It's finally here. Scott Pilgrim Vol. 6: Scott Pilgrim's Final Hour finally makes its way to comic book stores and the saga of Scott Pilgrim, everyone's favorite slacker from Toronto, finally comes to an end.

It seems like only yesterday that word began to spread like wildfire in the comic book industry about a book called Scott Pilgrim Vol. 1: Scott Pilgrim's Precious Little Life, and little did we know then that one of the, if not the, most important comic books of the last ten years had been unleashed on the unsuspecting comic book world.

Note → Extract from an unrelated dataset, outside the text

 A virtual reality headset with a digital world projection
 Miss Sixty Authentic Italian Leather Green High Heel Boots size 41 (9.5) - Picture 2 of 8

The only people more upset about the series ending than the fans are the comic shop owners.

If there's one person who's having a finer hour than Scott Pilgrim, it's the man behind the slacker, writer/artist Bryan Lee O'Malley. Not only has his celebrated series come to an end, but the film adaptation of the entire saga is just weeks away. It explodes into theaters August 13, 2010.

When iFanboy was presented with the opportunity to get an advanced look at Scott Pilgrim Vol. 6: Scott Pilgrim’s Finest Hour, we jumped at the opportunity to read it and report back to you about it.  We promise to not reveal any spoilers or details of the plot, not that we'd want to ruin your fun anyway.

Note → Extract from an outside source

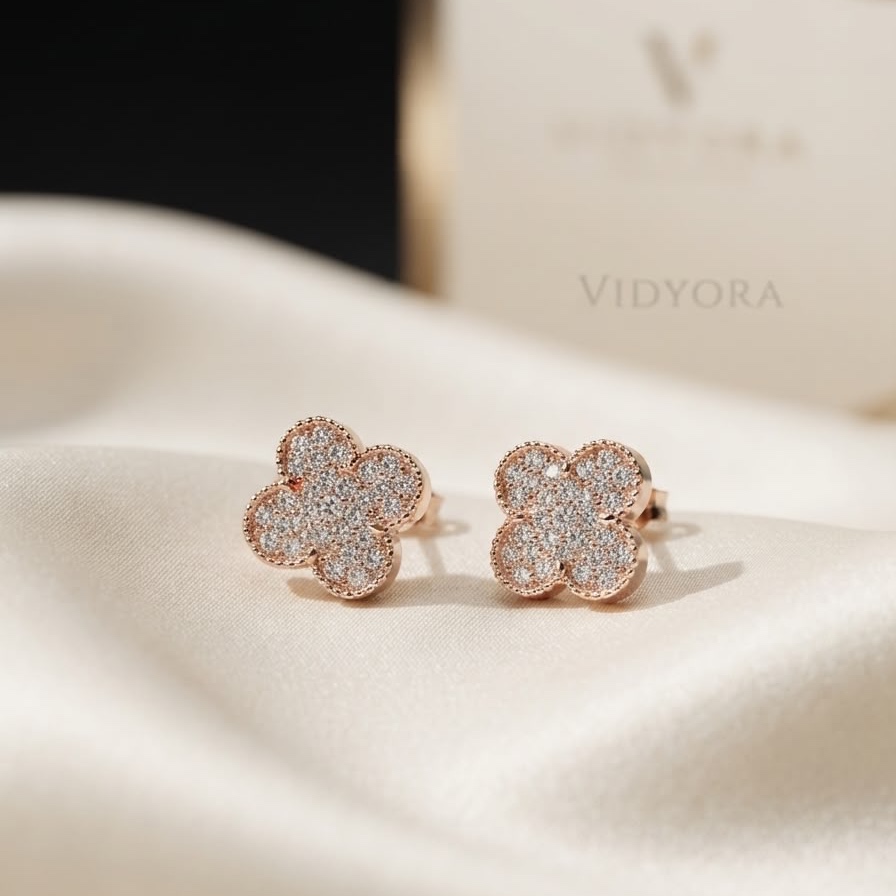 VIDYORA Rose Gold Finish Floral Stud Earrings with Sparkling Stones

With that said, both Ron and I have read Scott Pilgrim Vol. 6: Scott Pilgrim’s Finest Hour and we now present our individual, spoiler free reviews.  Here we go.

Conor Kilpatrick's Review of Scott Pilgrim Vol. 6: Scott Pilgrim's Finest Hour

Endings are hard.

Really, really hard. Endings are especially hard when great success has been achieved prior to that ending. There are so many expectations to be met and when you are dealing with a series of books that have only gotten better and more critically acclaimed with each subsequent release. The pressure on the final volume is enormous.

Reviewing each of the first five volumes of Scott Pilgrim has been easy, to tell you the truth. Each volume has been fantastic. Each volume was the best thing that I read that week, and in most cases, the best thing that I had read in a long time. And each successive volume grew in artistic achievement just as the characters in the book’s lives grew more mature and complex.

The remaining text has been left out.